È morto l’intellettuale e attivista Toni Negri
È stato lo storico leader del gruppo della sinistra extraparlamentare Autonomia Operaia: aveva 90 anni
Nella notte tra venerdì e sabato è morto a Parigi Toni Negri, intellettuale, attivista e storico leader dei gruppi di sinistra extraparlamentare Potere Operaio e Autonomia Operaia. Aveva 90 anni: a dare la notizia della sua morte è stata la moglie, la filosofa Judith Revel.
Negri è stato una delle figure più notevoli e controverse dei movimenti della sinistra extraparlamentare negli anni Settanta: docente alla facolà di Scienze Politiche di Padova, fu tra i leader del gruppo Potere Operaio, da cui uscì nel 1973 per fondare Autonomia Operaia, uno dei più importanti movimenti extraparlamentari di quegli anni, che portò avanti istanze di lotta rivoluzionaria con comizi, pubblicazioni e proteste.

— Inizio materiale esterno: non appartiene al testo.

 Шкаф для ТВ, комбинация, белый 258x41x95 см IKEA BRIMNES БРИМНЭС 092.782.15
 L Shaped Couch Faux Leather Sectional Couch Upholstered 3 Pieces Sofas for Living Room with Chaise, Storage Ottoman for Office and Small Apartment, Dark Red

Autonomia Operaia sviluppò al suo interno anche frange favorevoli a uno scontro violento con le istituzioni: alcuni militanti nel corso del tempo si unirono a gruppi armati come Prima Linea o i Nuclei Armati Proletari.
Negri fu arrestato assieme ad altri compagni e intellettuali il 7 aprile del 1979 nell’ambito del cosiddetto “processo del 7 aprile”, con l’accusa di aver sostenuto, ispirato e in parte coordinato vari atti di eversione e terrorismo di sinistra di quegli anni.

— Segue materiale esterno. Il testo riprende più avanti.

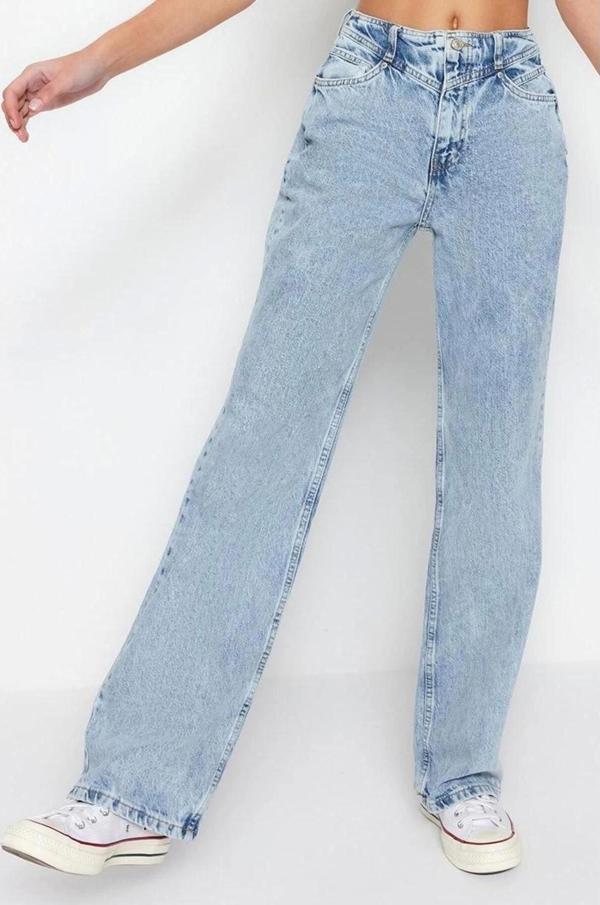 Stil Kadın Moda Denim Kot Pantolon Regular Geniş Paça Gri Bel Detaylı Yüksek Bel Jeans - Image 1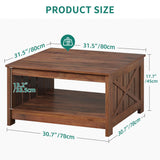 YITAHOME Coffee Table Farmhouse Coffee Table with Storage Rustic Wood Cocktail Table, Square Coffee Tables for Living Meeting Room with Half Open Storage Compartment, Grey Wash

Il contesto degli arresti del 7 aprile era quello dei cosiddetti “anni di piombo”, delle stragi fasciste e del rapimento di Aldo Moro, l’importante dirigente della Democrazia Cristiana rapito e ucciso l’anno prima dalle Brigate Rosse in uno degli episodi più traumatici della storia repubblicana. Sull’omicidio si svilupparono vaste indagini e inchieste giudiziarie, e vennero adottate “leggi speciali” tra cui quella che permetteva di applicare il reato di associazione a delinquere alle organizzazioni politiche, e non solo a quelle mafiose.
Fu su queste premesse che il magistrato siciliano Pietro Calogero, della procura di Padova, sviluppò quello che la stampa chiamò “teorema Calogero”: cioè che una serie di intellettuali, docenti universitari, giornalisti e militanti dell’area riconducibile ad Autonomia Operaia avesse diretto le operazioni delle Brigate Rosse, portando avanti un progetto di eversione armata. Alla base della tesi di Calogero c’era la dibattuta questione dei rapporti tra la propaganda e gli scritti dei molti e influenti intellettuali di estrema sinistra dell’epoca e le azioni di terrorismo politico che proliferavano in quegli anni.
Dopo un processo lunghissimo e molto seguito dai media, in primo grado Negri fu condannato a 30 anni di carcere per associazione sovversiva, banda armata e diversi altri reati, ma fu prosciolto dall’accusa di insurrezione armata.
Prima dell’appello, Negri accettò la proposta del politico radicale Marco Pannella di candidarsi alla Camera: fu eletto e uscì dal carcere grazie all’immunità parlamentare. Nel settembre del 1983 fuggì in nave in Francia: inizialmente parlò di un gesto politico assicurando che sarebbe rientrato in Italia, ma dopo qualche anno cambiò idea e decise di approfittare della cosiddetta “dottrina Mitterrand” – con cui la Francia dava ospitalità e sicurezza, rifiutando le estradizioni, a chi lasciasse la lotta armata e la violenza – rimanendo latitante.
Durante il processo d’appello Negri fu assolto dal grosso delle accuse, ma fu condannato a 12 anni di carcere per associazione sovversiva nella cosiddetta “rapina di Argelato”, un paese vicino a Bologna dove alcuni ex esponenti di Potere Operaio rapinarono una banca per autofinanziarsi e uccisero un carabiniere. Negri fu ritenuto il mandante dell’operazione con la formula del «concorso morale».
Negri rimase in Francia fino al 1997, quando rientrò in Italia dopo un patteggiamento: scontò la sua pena, in parte in carcere e in parte in semilibertà, fino al 2003. Successivamente ha continuato a vivere tra Roma e Parigi, e ha scritto vari saggi politici che tra le altre cose si concentravano sulla critica alla globalizzazione.